Prompt: Please write out all of the entries without altering anything.

Supplied entries:
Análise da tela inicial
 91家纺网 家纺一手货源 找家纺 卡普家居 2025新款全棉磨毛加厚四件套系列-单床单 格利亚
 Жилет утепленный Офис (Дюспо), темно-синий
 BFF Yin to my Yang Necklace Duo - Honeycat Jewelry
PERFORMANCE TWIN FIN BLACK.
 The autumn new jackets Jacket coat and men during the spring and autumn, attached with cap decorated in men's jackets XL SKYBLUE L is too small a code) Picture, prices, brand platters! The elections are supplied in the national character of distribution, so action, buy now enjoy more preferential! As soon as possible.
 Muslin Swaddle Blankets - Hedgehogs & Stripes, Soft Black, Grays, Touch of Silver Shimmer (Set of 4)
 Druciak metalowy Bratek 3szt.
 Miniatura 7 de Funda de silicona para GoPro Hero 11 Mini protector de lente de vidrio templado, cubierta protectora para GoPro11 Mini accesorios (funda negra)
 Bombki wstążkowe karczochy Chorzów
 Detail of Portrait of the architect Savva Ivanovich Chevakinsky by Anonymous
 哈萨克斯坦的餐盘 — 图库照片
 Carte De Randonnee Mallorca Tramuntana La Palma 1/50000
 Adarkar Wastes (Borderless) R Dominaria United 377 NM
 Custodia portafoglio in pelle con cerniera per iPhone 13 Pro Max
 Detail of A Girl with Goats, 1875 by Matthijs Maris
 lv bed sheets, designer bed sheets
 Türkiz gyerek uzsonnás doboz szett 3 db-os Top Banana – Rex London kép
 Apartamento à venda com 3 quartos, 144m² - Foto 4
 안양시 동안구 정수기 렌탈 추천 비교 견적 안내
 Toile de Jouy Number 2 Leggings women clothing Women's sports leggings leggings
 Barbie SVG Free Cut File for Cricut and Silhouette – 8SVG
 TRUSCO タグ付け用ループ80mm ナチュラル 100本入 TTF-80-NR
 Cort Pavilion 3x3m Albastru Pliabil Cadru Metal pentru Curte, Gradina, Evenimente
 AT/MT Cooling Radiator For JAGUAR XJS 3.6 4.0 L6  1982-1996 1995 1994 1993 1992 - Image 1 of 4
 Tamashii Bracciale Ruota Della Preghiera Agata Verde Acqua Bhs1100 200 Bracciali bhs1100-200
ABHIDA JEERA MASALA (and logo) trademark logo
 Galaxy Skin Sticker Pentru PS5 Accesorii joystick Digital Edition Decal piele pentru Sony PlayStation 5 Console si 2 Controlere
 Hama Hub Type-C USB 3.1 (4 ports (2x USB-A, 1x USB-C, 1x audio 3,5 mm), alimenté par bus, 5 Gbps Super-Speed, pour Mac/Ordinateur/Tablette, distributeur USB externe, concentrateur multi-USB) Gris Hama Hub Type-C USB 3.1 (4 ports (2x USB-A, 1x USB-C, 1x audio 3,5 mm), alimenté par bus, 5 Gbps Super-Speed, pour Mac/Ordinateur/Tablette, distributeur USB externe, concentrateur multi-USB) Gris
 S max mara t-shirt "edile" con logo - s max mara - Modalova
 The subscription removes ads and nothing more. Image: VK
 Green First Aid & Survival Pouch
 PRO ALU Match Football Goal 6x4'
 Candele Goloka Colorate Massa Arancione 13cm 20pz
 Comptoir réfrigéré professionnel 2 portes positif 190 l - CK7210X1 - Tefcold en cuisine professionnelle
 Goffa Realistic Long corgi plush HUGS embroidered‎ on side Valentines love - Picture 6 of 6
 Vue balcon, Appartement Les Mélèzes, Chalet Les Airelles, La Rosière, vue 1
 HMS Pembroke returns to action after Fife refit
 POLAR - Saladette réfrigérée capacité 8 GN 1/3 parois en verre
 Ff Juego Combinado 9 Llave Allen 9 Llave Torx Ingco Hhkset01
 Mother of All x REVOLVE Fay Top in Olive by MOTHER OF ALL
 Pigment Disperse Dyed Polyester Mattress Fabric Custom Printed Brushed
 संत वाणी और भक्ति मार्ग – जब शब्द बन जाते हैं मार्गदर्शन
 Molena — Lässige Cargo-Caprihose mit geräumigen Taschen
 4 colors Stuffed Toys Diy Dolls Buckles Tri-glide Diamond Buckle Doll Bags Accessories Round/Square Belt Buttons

Response area:
Análise da tela inicial
 91家纺网 家纺一手货源 找家纺 卡普家居 2025新款全棉磨毛加厚四件套系列-单床单 格利亚
 Жилет утепленный Офис (Дюспо), темно-синий
 BFF Yin to my Yang Necklace Duo - Honeycat Jewelry
PERFORMANCE TWIN FIN BLACK.
 The autumn new jackets Jacket coat and men during the spring and autumn, attached with cap decorated in men's jackets XL SKYBLUE L is too small a code) Picture, prices, brand platters! The elections are supplied in the national character of distribution, so action, buy now enjoy more preferential! As soon as possible.
 Muslin Swaddle Blankets - Hedgehogs & Stripes, Soft Black, Grays, Touch of Silver Shimmer (Set of 4)
 Druciak metalowy Bratek 3szt.
 Miniatura 7 de Funda de silicona para GoPro Hero 11 Mini protector de lente de vidrio templado, cubierta protectora para GoPro11 Mini accesorios (funda negra)
 Bombki wstążkowe karczochy Chorzów
 Detail of Portrait of the architect Savva Ivanovich Chevakinsky by Anonymous
 哈萨克斯坦的餐盘 — 图库照片
 Carte De Randonnee Mallorca Tramuntana La Palma 1/50000
 Adarkar Wastes (Borderless) R Dominaria United 377 NM
 Custodia portafoglio in pelle con cerniera per iPhone 13 Pro Max
 Detail of A Girl with Goats, 1875 by Matthijs Maris
 lv bed sheets, designer bed sheets
 Türkiz gyerek uzsonnás doboz szett 3 db-os Top Banana – Rex London kép
 Apartamento à venda com 3 quartos, 144m² - Foto 4
 안양시 동안구 정수기 렌탈 추천 비교 견적 안내
 Toile de Jouy Number 2 Leggings women clothing Women's sports leggings leggings
 Barbie SVG Free Cut File for Cricut and Silhouette – 8SVG
 TRUSCO タグ付け用ループ80mm ナチュラル 100本入 TTF-80-NR
 Cort Pavilion 3x3m Albastru Pliabil Cadru Metal pentru Curte, Gradina, Evenimente
 AT/MT Cooling Radiator For JAGUAR XJS 3.6 4.0 L6  1982-1996 1995 1994 1993 1992 - Image 1 of 4
 Tamashii Bracciale Ruota Della Preghiera Agata Verde Acqua Bhs1100 200 Bracciali bhs1100-200
ABHIDA JEERA MASALA (and logo) trademark logo
 Galaxy Skin Sticker Pentru PS5 Accesorii joystick Digital Edition Decal piele pentru Sony PlayStation 5 Console si 2 Controlere
 Hama Hub Type-C USB 3.1 (4 ports (2x USB-A, 1x USB-C, 1x audio 3,5 mm), alimenté par bus, 5 Gbps Super-Speed, pour Mac/Ordinateur/Tablette, distributeur USB externe, concentrateur multi-USB) Gris Hama Hub Type-C USB 3.1 (4 ports (2x USB-A, 1x USB-C, 1x audio 3,5 mm), alimenté par bus, 5 Gbps Super-Speed, pour Mac/Ordinateur/Tablette, distributeur USB externe, concentrateur multi-USB) Gris
 S max mara t-shirt "edile" con logo - s max mara - Modalova
 The subscription removes ads and nothing more. Image: VK
 Green First Aid & Survival Pouch
 PRO ALU Match Football Goal 6x4'
 Candele Goloka Colorate Massa Arancione 13cm 20pz
 Comptoir réfrigéré professionnel 2 portes positif 190 l - CK7210X1 - Tefcold en cuisine professionnelle
 Goffa Realistic Long corgi plush HUGS embroidered‎ on side Valentines love - Picture 6 of 6
 Vue balcon, Appartement Les Mélèzes, Chalet Les Airelles, La Rosière, vue 1
 HMS Pembroke returns to action after Fife refit
 POLAR - Saladette réfrigérée capacité 8 GN 1/3 parois en verre
 Ff Juego Combinado 9 Llave Allen 9 Llave Torx Ingco Hhkset01
 Mother of All x REVOLVE Fay Top in Olive by MOTHER OF ALL
 Pigment Disperse Dyed Polyester Mattress Fabric Custom Printed Brushed
 संत वाणी और भक्ति मार्ग – जब शब्द बन जाते हैं मार्गदर्शन
 Molena — Lässige Cargo-Caprihose mit geräumigen Taschen
 4 colors Stuffed Toys Diy Dolls Buckles Tri-glide Diamond Buckle Doll Bags Accessories Round/Square Belt Buttons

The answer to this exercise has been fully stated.